Feature of the week:
Kenya Re Posts a 25.8% Decline in After Tax Profits for FY2020
- Kenya Re reported a 25.8% y/y decline in after tax profits(PAT) for FY2020 to KES 2.9 billion (FY2019: KES 4.0 billion).
- The decline in profitability was primarily due to an increase in net claims, a rise in cedant acquisition costs and higher taxation.
- Net earned premiums edged up by 34.3% y/y to KES 20.9 billion comprising of KES 19.1 billion in short term business and KES 1.8 billion in long-term business. The growth in net earned premiums was primarily supported by a positive inflow from the change in unearned premiums to KES 3.0 billion from an outflow of KES 913.3 million in FY2019; Gross premiums written rose by 5.8% y/y to KES 18.5 billion.
- Investment income grew by 2.1% y/y to KES 3.8 billion.
- Commissions recovered fell by 6.3% y/y to KES 51.3 million.
- Fair value loss on revaluation of investment properties stood at KES 36.4 million from a gain of KES 2.2 bn realized in FY2019.
- Other income rose marginally by 0.7% y/y to KES 53.4 million
- Share of associate profits dropped by 50.1% y/y to KES 292.8 million.
- Total income grew by 13.0% y/y to KES 25.0 billion
- Net claims and benefits rose by 22.2% y/y to KES 13.5 billion comprising of KES 12.2 billion in short term business and KES 1.3 billion in long-term business. The growth was mainly driven by a 21.7% y/y increase in gross claims incurred and policy holder benefits to KES 13.9 billion. The loss ratio improved to 64.8% from 71.2% in FY2019 owing to the faster growth in net premiums (+34.3% y/y to KES 20.9 billion) than the net claims and benefits.
- Cedant acquisition costs edged up by 29.8% y/y to KES 5.3 billion
- Operating and other expenses eased by 3.8% y/y to KES 2.0 billion. Consequently, the expense ratio fell to 9.4% (FY2019: 13.2%).
- Provision for doubtful debts eased by 69.4% y/y to KES 227.8 million even as reinsurance receivables edged up by 26.9% y/y to KES 3.3 billion.
- Total claims, benefits and other expenses grew by 17.2% y/y to KES 21.0 billion. The combined ratio fell to 100.8% from 115.5% in FY2019.

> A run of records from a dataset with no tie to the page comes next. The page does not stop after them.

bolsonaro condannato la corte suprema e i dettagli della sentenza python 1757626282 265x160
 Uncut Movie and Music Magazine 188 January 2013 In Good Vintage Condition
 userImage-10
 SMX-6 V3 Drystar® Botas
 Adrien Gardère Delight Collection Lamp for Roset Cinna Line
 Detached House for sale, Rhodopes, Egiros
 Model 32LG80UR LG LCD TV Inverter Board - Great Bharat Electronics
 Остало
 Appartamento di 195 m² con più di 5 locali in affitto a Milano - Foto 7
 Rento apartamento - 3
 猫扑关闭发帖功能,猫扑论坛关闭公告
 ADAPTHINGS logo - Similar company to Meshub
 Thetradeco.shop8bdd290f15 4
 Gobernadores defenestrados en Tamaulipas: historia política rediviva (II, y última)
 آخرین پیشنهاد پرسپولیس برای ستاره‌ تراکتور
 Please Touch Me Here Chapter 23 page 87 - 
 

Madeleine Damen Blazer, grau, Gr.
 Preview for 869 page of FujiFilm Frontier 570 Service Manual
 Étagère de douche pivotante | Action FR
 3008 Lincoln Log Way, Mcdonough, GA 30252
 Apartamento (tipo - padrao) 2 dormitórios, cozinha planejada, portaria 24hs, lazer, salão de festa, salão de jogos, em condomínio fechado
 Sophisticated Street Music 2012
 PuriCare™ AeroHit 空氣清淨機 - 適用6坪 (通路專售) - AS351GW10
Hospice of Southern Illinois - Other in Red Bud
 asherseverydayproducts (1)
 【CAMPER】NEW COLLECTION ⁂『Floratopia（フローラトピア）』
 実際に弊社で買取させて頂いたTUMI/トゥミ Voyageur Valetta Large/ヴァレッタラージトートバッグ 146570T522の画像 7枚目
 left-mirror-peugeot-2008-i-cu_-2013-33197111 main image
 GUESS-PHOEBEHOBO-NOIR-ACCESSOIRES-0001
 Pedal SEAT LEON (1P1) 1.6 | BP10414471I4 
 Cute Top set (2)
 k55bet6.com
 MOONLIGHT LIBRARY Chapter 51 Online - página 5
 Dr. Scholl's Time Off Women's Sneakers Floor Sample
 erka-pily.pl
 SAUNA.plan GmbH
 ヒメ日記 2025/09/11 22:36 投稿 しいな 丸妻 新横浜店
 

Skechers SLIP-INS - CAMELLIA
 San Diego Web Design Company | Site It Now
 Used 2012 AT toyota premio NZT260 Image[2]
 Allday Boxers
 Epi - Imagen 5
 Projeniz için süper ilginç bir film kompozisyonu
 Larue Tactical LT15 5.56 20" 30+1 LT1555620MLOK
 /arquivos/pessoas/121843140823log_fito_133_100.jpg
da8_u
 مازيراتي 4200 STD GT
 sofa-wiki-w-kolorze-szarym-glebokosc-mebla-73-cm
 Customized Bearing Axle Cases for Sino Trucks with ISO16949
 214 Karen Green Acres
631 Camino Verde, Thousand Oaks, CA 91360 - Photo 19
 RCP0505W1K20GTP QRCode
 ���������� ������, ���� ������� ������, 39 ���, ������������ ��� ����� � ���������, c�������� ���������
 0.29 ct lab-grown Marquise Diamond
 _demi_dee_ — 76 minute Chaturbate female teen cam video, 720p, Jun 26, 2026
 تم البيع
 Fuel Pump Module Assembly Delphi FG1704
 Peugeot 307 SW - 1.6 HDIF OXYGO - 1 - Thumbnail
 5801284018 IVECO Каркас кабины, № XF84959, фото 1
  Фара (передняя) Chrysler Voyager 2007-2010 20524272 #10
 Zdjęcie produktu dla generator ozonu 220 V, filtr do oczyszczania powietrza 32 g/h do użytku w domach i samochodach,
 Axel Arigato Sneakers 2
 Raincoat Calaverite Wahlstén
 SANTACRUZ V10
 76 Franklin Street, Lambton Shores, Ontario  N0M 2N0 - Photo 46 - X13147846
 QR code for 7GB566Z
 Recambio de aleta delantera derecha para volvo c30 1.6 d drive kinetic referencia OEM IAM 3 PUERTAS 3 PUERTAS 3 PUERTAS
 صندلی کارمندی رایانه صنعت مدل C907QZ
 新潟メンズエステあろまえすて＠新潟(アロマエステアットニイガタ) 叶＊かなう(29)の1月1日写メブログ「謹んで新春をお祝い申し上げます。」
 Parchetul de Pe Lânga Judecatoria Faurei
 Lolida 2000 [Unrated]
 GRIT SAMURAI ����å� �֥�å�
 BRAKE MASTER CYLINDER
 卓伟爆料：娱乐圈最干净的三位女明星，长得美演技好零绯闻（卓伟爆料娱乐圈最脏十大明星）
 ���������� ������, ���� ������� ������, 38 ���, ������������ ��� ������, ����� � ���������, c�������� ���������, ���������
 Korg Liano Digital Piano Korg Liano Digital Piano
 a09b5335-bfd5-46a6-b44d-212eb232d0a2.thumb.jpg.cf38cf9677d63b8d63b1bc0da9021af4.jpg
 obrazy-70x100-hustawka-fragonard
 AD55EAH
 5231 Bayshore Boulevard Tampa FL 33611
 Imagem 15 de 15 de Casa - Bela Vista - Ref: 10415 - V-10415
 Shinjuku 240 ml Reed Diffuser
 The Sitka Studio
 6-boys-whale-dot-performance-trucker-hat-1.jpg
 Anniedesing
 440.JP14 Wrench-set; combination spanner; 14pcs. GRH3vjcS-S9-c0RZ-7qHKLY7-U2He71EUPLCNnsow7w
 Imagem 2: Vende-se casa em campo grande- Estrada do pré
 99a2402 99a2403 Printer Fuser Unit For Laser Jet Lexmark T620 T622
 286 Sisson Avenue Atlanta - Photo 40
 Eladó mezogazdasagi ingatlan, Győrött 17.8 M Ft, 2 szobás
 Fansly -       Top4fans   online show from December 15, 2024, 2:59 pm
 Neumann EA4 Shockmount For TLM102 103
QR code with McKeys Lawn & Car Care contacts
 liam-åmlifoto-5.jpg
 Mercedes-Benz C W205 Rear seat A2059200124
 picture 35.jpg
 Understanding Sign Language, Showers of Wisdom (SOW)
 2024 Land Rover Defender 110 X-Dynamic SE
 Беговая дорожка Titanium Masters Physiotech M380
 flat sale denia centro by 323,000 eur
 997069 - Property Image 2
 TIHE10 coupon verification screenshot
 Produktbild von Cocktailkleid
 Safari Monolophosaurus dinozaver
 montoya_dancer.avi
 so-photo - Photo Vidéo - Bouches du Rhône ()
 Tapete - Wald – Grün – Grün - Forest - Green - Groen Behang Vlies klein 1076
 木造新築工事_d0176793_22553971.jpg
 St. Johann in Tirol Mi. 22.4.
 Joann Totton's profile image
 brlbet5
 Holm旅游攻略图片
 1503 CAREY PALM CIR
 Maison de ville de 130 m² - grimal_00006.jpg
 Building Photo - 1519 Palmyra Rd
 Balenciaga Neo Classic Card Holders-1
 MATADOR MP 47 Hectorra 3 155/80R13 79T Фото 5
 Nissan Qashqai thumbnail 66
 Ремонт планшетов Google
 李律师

- Tax expense increased by a massive 396.0% to KES 1.0 billion. This was the biggest driver of the decline in PAT.
- The company recommended the payment of a KES 0.20 dividend (FY2019: KES 0.10).
Commentary
- The growth in gross written premiums and improvement in underwriting ratios is commendable given the harsh operating environment. It’s not clear to us whether the improvement in underwriting ratios was due to the environment in the previous year or deliberate actions by management or a combination of the two.
- We opine that the big drop in profit after tax was a blip since it was driven by a higher tax expense. We could see better performance in the coming years.
- The recommendation is under review.
Equities Market Summary:
Nairobi Securities Exchange Performance
The All Share Index (NASI) eased by 1.6% w/w while the NSE 20 Share Index rose by 2.5% w/w to close the week at 169.87 and 1,908.82 respectively. The market was characterized by a decrease in both market turnover (53.6% to KES 2.3 billion) and volume of shares traded (42.4% to 77.1 million shares).
We attribute the decline in the all share index partly to Safaricom which eased by 3.2% w/w to KES 40.50. Majority of the constitute counters in the NSE 20 share index recorded price gains which may explain the rise in the index (note that the NSE 20 share index is price weighted by the NASI is market cap weighted).
Kenya Re registered an 8.2% w/w price gain to KES 2.50 even as the company reported a 25.8% y/y dip in profitability to KES 2.9 billion.
There were price increases on majority of the banking counters with notable price gains on Absa (2.7% w/w to KES 9.78), NCBA (2.6% w/w to KES 26.10) and I&M (2.1% w/w to KES 22.00).
NMG edged up by 31.0% w/w to KES 22.60 following the announcement that the company is willing to buy back shares (about 20.7 million shares) at a maximum price of KES 25.0 per share. We expect more gains in the counter in the coming week. Overall, we expect price stability.